Tarihin yazıldığı mekânların izini sürmeyi severim: Budapeşte'ye gittiğimde ilk aradığım yerlerden biri, 1956 ayaklanmasında ünlü Albay Pal Maleter'in ünlü karargâhı Kilian Kışlası olmuştu... Delik deşik cephesi, tank dayanmış kapısı, duvarlarında mermi izleri, önünde nöbet tutan eli tüfekli genç kızlar, konuya meraklı olanların da, o dönemi yaşayanların da belleğindedir. Kolayca buldum, meğerse havaalanına giden yol üzerindeymiş, Üllöi Caddesi.
İşhanı yapmışlar. Fakat atlamak mümkün değil, çünkü kapısında kocaman bir "plaket", direniş ve özgürlük kahramanlarının anısına... Macar renklerinden, kırmızı, beyaz, yeşil, bir de çiçek demeti...
Gelenektir, özel olayların geçtiği ve özel insanların yaşadığı yerlere plaket konur... Paris'te hemen her yazarın evinin kapısında, hemen her tarihi noktada böyle tabelalar vardır. 1944 yılının ağustos ayında Almanlar tarafından öldürülen direnişçilerin vurulup düştükleri hemen her köşede birer plaket, bir de küçük saksı, içinde çiçek... Biz böyle şeyleri pek bilmeyiz. Nice şehrine yolunuz düşerse, Almanlar tarafından asılan ve günlerce gömülmeden darağacında sallanmaya bırakılan iki direnişçi çocuğun, Seraphin Torrin ile Ange Grassi'nin anısına dikilmiş plaketleri görünce içiniz cız edecektir.

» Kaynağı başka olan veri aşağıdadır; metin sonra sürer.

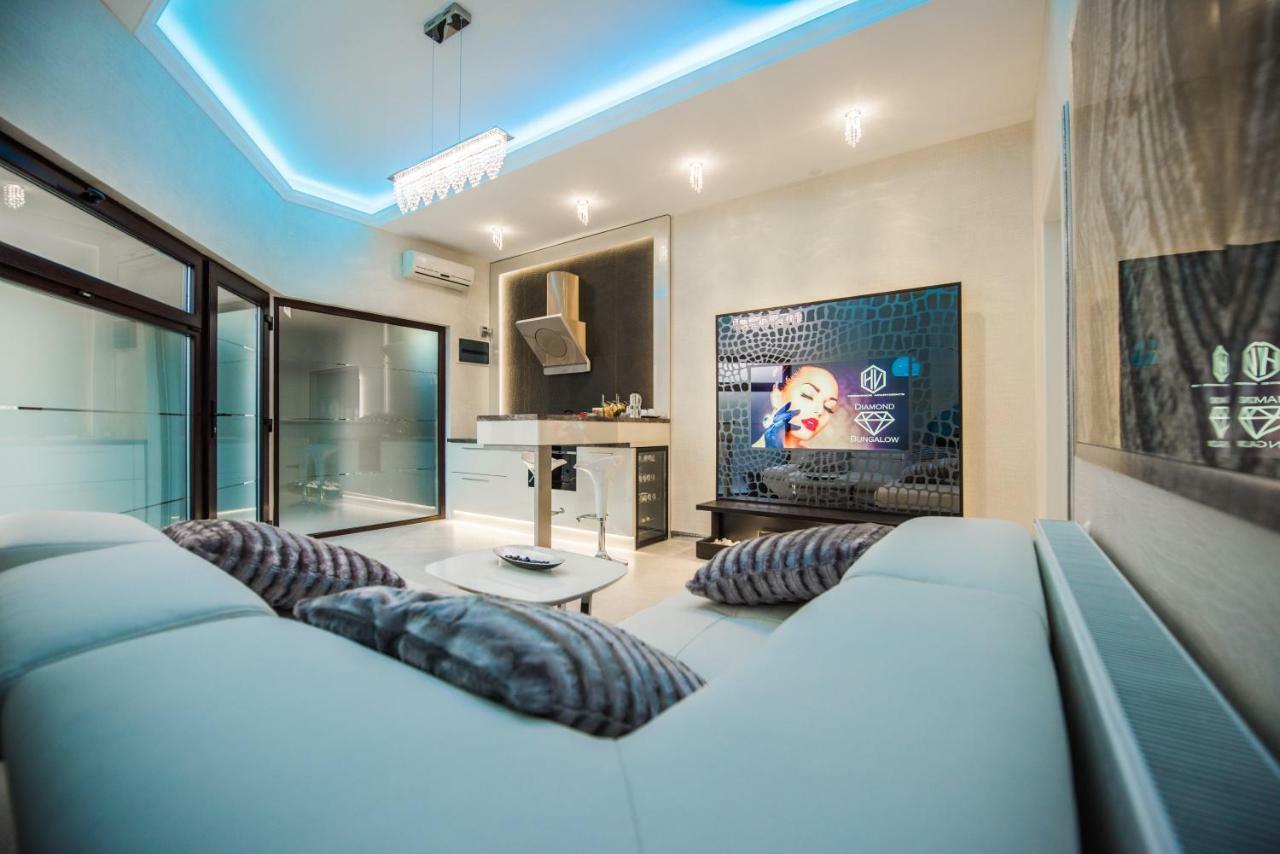 H & V Residence - Diamond Bungalow Apartment Arad Esterno foto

Türkler için bulması da kolaydır: Galeries Lafayette'in Nice şubesinin köşesi oluyor! Lafı, şu yılan öyküsüne dönen Madımak Oteli'ne getireceğim. Yobazlar tarafından yakılan ve aydınların, şairlerin, yazarların öldürüldüğü ünlü Sivas mekânına...
Sevimsiz bir sokağın içinde, sıradan, hatta çirkin bir bina bu.

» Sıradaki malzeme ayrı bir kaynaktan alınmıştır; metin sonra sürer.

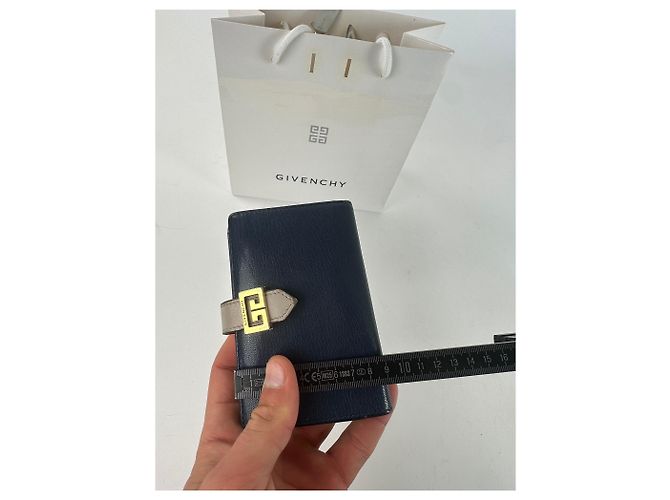 Vintage Givenchy Grained Leather Bifold Wallet Navy Blue - view 8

Fakat "anlam ve önemi" çok büyük. Bu yüzden de yıllardır müze yapılması isteniyor ve bir türlü de yapılamıyor.
Şimdi hükümet, "Alevi açılımının" da verdiği heyecanla, müze işine nihayet karar vermiş. Olayların on altıncı yıldönümü olan 2 Temmuz gününe yetiştireceklermiş.
Batı'da olsaydı, kapısına plaket koyarlardı, Almanya'da önüne ruhsuz bir "soykırım anıtı" gibi bir şey yaparlar, biz müze yapacağız. Vur deyince öldürüyoruz.
Tamam da, içine ne koyacağız?
Aziz Nesin'in isli gömleği, Asım Bezirci'nin kırık gözlüğü, Metin Altıok'un eğrilmiş kalemi, Nesimi Çimen'in teli kopmuş curası falan mı?
Yanık tahta kirişler, pencere pervazları?
Kitaplarını mı koyacaksınız Beylikdüzü Panayırı gibi?
Yoksa, Alman müzecilik anlayışının etkisiyle, birtakım "panolar" mı yapacaksınız? Olayı anlatan gazete kupürleri, öldürülen insanların hayat hikâyeleri, eserlerinin listesi... Ama sıradan insanlar da gitti orada gümbürtüye, yazar mazar olmayan, yalnızca okur olan insanlar...
Otuz yedi kişilik bir liste asılıp geçilecek midir?
Bu tür soğuk panolar, ziyaretçide "bir an önce çıkın gidin, verdiğiniz bilet parasına yazık" hissi uyandırırlar...
Sahi, bilet kesilecek midir bu müzeye? Kaç lira olacaktır giriş?
Böyle bir müzeye başka ne konur?
Ben olsam, olayları Ankara'dan aval aval seyreden "büyük solcu lider", onursal başkan, paşa çocuğu, devrin başbakan yardımcısı pek sayın Erdal İnönü'nün büstünü de koyardım! Demirel'in "siyasi stepnesinin", şakşakçılarının deyimiyle "bir siyaset dehası" olan o büyük adamın büstünü... Altına da "onlar yandı, ben baktım" yazardım.
Bozulmayın hemen şimdi, müzeye karşı çıkıyor falan değilim, samimi olarak merak ettim, içine ne koyacaksınız?